Yusuf Ziya Öniş Stadyumu
- Interactive map of Yusuf Ziya Öniş Stadyumu
- Location: Istanbul, Turkey
- Owner: Ministry of Youth and Sports
- Capacity: 4,100
- Surface: Turf
- Field size: 105 by 68 metres (115 yd × 74 yd)

Construction
- Groundbreaking: 1987
- Opened: 23 January 1988
- Renovated: 2005, 2009, 2023, 2025

Tenant
- Sarıyer S.K.

= Yusuf Ziya Öniş Stadium =

Multi-purpose stadium in Istanbul, Turkey

Yusuf Ziya Öniş Stadium (Yusuf Ziya Öniş Stadyumu) is a multi-purpose stadium in Istanbul, Turkey. It is currently used mostly for association football matches and is the home ground of TFF First League team Sarıyer S.K. The stadium has a capacity of approximately 4,100 spectators. The stadium is named after Yusuf Ziya Öniş, one of the founders of Sarıyer S.K. and one of the first general secretaries of the Turkish Football Federation.

Beşiktaş's U19 team played their UEFA Youth League matches at the stadium until 2021. In 2017, the stadium hosted the final of the Turkish Gridiron Football First League.

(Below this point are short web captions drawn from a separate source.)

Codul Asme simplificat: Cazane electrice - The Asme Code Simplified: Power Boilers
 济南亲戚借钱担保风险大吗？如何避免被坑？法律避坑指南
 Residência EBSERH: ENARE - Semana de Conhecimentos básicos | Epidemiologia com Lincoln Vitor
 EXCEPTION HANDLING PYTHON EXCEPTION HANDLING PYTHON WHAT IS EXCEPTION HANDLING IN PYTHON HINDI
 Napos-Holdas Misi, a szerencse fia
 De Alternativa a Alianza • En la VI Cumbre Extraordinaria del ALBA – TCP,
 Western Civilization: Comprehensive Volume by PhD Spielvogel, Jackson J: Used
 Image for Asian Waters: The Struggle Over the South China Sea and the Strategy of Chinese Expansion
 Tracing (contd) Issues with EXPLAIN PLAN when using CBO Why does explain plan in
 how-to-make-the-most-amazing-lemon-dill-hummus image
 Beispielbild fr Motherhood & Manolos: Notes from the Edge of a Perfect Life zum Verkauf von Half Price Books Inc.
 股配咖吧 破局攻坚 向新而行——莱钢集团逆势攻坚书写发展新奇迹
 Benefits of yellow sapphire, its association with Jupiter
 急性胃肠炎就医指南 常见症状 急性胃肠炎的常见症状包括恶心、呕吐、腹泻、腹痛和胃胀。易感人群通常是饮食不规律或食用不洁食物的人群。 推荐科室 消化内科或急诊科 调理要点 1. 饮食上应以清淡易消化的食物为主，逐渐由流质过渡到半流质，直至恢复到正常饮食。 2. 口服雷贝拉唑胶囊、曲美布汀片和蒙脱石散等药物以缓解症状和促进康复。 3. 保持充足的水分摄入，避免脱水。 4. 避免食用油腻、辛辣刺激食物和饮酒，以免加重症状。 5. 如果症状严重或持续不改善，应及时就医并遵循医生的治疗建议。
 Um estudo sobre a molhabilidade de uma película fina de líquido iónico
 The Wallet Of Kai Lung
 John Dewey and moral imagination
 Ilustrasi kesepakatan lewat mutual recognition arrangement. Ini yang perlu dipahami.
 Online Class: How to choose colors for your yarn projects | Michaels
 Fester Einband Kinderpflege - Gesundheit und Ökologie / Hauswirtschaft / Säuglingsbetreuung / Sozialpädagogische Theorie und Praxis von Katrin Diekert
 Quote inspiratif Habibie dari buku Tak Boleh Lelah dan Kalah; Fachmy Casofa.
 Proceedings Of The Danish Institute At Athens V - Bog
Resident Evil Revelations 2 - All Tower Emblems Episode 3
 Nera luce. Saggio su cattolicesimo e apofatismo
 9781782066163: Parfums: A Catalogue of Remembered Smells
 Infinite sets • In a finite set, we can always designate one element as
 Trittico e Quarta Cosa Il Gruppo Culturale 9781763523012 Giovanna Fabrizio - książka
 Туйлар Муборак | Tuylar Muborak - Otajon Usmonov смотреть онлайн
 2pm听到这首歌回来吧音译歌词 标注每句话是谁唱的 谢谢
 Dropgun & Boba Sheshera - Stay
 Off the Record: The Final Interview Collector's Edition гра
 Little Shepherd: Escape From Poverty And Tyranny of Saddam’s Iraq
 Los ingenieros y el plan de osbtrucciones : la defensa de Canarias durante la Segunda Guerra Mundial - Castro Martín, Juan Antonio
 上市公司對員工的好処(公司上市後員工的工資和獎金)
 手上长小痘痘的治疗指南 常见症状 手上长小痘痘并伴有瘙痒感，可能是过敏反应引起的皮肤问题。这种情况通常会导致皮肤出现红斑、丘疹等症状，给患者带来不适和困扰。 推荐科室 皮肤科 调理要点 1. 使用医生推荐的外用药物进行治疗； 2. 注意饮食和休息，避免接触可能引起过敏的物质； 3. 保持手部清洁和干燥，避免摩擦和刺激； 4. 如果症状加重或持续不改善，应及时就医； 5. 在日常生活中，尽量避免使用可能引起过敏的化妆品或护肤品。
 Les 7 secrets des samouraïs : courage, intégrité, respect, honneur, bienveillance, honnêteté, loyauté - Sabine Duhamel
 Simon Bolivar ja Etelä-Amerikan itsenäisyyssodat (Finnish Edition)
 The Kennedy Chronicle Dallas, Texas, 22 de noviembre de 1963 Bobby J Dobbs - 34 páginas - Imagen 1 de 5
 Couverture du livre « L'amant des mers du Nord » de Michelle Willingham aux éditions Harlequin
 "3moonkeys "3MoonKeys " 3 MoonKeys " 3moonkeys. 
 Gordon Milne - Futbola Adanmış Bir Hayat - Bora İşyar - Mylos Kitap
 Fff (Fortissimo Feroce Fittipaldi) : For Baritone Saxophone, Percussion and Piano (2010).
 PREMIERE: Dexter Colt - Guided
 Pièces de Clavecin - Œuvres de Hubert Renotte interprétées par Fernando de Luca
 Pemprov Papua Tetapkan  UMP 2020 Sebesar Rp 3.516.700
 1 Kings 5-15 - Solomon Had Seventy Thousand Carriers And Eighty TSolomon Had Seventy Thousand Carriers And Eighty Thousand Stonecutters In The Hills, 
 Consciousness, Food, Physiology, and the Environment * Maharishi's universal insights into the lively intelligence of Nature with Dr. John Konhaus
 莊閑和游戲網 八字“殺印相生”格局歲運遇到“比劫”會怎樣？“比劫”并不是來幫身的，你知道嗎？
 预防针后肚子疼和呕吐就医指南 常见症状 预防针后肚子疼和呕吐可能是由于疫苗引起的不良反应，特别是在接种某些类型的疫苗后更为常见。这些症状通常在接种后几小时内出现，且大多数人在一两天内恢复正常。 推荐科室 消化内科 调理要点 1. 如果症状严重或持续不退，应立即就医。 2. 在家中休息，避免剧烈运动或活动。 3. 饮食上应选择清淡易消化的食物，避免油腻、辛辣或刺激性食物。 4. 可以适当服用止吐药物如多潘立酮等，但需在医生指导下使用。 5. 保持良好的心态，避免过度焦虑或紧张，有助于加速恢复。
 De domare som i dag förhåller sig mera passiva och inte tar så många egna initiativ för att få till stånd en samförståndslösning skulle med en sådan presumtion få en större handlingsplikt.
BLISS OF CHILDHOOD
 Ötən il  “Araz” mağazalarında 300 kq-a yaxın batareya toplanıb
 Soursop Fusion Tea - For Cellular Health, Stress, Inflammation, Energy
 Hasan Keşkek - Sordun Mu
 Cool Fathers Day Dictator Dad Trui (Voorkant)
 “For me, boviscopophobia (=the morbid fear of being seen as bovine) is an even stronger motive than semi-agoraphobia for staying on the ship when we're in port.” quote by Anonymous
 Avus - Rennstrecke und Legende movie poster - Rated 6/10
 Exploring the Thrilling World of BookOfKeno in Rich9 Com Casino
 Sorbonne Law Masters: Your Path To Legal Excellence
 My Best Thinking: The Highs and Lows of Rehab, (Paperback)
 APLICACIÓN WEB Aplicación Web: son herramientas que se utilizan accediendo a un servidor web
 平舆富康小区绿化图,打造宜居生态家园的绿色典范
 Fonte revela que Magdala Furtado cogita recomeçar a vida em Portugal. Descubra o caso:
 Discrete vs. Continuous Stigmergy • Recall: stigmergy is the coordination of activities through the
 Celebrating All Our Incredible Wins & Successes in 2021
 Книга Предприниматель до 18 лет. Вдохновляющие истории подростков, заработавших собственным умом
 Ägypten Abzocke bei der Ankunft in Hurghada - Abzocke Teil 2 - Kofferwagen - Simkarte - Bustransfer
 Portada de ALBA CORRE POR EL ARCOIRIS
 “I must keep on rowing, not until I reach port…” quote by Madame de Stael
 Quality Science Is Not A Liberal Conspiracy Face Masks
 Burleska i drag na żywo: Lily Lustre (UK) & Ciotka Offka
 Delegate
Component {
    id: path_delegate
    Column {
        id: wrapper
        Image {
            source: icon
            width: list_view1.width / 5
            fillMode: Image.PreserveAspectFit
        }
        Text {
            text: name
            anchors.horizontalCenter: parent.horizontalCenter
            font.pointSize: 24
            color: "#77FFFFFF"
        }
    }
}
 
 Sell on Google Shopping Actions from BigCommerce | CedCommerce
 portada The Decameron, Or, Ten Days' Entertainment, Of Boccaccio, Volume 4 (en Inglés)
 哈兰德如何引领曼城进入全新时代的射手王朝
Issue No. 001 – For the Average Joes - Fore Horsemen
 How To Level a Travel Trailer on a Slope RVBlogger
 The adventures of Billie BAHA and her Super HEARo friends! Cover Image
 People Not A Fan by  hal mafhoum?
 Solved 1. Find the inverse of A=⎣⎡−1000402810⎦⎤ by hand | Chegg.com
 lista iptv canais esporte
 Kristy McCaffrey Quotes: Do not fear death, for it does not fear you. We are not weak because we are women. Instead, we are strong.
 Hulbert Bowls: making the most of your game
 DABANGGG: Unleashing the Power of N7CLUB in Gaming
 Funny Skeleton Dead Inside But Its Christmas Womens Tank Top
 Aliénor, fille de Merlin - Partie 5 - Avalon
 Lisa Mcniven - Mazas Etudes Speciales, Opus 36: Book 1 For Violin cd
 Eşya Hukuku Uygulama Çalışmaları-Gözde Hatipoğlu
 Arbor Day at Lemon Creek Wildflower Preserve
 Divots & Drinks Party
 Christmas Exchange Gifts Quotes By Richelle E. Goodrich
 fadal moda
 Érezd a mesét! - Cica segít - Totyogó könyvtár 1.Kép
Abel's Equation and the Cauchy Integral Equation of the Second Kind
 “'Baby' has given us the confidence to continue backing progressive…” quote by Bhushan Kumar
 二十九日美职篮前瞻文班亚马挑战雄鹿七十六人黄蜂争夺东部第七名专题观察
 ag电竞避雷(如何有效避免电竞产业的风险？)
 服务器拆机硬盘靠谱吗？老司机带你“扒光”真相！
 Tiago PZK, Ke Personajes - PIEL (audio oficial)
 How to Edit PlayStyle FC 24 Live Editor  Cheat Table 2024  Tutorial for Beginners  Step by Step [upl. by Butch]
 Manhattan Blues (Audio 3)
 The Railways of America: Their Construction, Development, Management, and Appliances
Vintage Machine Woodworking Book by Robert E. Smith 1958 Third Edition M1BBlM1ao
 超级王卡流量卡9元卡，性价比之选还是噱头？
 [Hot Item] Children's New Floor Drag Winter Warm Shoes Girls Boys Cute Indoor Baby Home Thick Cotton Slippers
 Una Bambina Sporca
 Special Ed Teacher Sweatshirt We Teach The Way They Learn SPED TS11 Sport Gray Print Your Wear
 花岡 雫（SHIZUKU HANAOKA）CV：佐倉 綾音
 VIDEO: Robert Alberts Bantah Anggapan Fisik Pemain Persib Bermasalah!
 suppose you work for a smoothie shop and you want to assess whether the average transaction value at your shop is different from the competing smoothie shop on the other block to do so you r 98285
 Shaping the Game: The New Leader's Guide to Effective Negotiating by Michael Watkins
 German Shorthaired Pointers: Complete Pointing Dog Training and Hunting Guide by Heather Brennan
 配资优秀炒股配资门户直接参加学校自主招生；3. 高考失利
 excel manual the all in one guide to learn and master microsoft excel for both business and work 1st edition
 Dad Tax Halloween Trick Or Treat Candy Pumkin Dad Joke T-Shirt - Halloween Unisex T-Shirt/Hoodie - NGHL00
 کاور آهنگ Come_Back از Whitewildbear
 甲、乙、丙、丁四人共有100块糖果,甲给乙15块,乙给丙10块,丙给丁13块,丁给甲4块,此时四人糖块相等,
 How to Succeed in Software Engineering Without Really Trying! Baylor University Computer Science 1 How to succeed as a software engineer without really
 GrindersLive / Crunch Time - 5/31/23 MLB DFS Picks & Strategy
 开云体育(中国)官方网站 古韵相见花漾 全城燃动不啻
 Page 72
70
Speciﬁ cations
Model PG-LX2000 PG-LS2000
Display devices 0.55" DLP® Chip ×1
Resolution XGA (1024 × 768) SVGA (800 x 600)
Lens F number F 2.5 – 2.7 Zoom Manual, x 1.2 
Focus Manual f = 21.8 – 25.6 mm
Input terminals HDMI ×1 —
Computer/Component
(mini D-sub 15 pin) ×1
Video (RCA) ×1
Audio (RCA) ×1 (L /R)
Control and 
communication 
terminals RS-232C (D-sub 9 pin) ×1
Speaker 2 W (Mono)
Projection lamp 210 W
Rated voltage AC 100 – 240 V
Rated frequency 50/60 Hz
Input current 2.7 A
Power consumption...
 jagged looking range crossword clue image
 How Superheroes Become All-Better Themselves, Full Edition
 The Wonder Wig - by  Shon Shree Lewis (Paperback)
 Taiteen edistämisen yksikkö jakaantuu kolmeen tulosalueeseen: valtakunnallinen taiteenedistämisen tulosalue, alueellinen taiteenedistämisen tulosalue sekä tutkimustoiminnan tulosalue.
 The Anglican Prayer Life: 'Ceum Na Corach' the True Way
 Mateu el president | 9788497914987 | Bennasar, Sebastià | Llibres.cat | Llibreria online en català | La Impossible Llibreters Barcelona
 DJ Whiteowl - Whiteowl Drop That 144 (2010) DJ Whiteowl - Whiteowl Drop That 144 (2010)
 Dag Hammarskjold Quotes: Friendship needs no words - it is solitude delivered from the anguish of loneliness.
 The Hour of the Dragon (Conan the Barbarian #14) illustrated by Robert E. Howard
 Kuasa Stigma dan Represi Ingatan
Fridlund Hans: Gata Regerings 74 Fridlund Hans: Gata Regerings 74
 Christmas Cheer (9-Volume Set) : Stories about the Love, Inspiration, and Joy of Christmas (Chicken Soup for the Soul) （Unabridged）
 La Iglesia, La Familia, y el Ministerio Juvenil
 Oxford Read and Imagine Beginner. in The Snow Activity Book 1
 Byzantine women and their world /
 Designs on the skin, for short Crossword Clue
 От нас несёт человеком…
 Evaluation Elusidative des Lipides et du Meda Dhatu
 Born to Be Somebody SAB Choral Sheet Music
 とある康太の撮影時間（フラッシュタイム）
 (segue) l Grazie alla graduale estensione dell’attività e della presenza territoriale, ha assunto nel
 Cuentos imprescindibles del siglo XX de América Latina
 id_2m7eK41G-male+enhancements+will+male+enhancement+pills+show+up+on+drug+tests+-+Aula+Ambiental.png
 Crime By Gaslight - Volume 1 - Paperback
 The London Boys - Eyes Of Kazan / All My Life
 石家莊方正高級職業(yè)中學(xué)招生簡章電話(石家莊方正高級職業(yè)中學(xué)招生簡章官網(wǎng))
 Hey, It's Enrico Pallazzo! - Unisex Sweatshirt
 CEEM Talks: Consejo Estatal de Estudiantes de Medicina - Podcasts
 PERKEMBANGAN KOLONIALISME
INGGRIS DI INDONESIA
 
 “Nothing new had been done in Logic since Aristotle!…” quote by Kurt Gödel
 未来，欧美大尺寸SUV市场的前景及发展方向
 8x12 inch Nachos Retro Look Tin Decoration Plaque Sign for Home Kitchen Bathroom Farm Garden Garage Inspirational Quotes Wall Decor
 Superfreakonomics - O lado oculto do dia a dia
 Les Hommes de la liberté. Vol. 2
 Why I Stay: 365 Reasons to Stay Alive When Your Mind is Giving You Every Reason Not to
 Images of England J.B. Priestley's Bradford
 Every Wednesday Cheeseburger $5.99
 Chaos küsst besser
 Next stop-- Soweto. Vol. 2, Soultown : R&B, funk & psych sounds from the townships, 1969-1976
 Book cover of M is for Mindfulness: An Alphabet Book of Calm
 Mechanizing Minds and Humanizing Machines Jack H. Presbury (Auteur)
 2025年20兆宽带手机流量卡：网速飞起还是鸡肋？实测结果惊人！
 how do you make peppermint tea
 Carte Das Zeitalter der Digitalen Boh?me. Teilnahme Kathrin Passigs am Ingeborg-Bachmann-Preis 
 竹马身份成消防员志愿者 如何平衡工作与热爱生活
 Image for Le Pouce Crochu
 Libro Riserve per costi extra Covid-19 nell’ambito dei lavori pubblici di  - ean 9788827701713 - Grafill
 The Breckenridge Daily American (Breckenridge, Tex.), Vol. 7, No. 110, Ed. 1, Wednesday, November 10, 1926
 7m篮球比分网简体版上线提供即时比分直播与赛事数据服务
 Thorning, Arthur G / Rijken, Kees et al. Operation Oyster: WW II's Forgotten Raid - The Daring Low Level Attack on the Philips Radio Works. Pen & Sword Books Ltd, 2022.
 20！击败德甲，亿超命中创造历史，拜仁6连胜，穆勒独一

Construction of the stadium began in 1987, and it opened on 23 January 1988 with a match between Sarıyer and Sakaryaspor. It is suitable for FIFA and UEFA matches, measuring 105 by 68 metres, and has a natural grass surface. The stadium underwent four renovations: the first in 2005, during which the north stand was covered; the second in 2009, when the main grandstand was partially reconstructed and all sections of the stadium were roofed; the third in 2023, when the stadium was adapted for night matches and the roof was rebuilt, and most recently in 2025 lighting, sound systems and all seats were renewed.